**TASK ITEM**
Only a number is wanted here: the count of lines in the entries below that contain the word "Εξωτερικό".

--- DATASET Enclosed Below ---

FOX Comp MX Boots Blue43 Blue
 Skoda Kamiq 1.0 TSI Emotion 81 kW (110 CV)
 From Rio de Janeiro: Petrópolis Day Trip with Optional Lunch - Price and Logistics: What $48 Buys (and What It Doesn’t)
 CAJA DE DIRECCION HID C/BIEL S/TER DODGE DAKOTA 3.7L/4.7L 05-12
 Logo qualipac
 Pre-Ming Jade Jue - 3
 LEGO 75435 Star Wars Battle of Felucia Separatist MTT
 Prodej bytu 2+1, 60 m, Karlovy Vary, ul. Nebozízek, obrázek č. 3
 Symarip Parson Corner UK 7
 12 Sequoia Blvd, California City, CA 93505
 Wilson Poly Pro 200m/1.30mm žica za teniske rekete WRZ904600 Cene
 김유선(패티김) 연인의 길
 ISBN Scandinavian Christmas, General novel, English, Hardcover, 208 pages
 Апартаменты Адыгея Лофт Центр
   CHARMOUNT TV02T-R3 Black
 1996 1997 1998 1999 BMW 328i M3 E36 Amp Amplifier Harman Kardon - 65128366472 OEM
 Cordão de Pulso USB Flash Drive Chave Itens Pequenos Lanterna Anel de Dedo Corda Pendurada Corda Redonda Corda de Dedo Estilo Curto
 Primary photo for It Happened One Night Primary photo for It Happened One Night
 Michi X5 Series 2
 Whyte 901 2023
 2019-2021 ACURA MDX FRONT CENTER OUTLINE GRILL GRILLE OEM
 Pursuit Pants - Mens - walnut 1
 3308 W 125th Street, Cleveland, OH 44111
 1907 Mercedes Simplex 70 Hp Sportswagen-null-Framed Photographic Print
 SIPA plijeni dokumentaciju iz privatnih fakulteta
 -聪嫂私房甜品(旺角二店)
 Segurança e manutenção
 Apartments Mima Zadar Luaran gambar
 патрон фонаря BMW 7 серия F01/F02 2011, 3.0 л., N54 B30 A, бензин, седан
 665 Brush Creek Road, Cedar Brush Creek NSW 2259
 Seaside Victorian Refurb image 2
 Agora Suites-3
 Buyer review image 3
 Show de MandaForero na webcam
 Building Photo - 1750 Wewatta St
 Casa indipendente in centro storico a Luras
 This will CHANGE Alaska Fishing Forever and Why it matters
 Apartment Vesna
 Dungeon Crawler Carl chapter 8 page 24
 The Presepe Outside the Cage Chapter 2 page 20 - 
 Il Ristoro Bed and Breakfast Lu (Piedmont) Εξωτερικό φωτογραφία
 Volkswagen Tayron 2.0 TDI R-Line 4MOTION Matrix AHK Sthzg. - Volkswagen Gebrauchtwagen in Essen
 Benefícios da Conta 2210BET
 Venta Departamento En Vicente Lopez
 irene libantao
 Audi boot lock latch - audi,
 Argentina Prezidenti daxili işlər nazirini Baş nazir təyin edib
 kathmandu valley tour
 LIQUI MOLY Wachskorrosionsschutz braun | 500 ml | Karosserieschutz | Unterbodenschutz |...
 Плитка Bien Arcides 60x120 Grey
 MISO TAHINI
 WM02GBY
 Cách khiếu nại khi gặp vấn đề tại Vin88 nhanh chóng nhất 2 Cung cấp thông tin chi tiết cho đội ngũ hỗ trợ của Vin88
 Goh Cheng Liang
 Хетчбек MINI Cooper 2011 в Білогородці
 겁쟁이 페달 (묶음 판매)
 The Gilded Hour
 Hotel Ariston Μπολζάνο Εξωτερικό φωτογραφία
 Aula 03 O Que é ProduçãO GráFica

--- End of Enclosed DATASET ---

**THE ANSWER**
2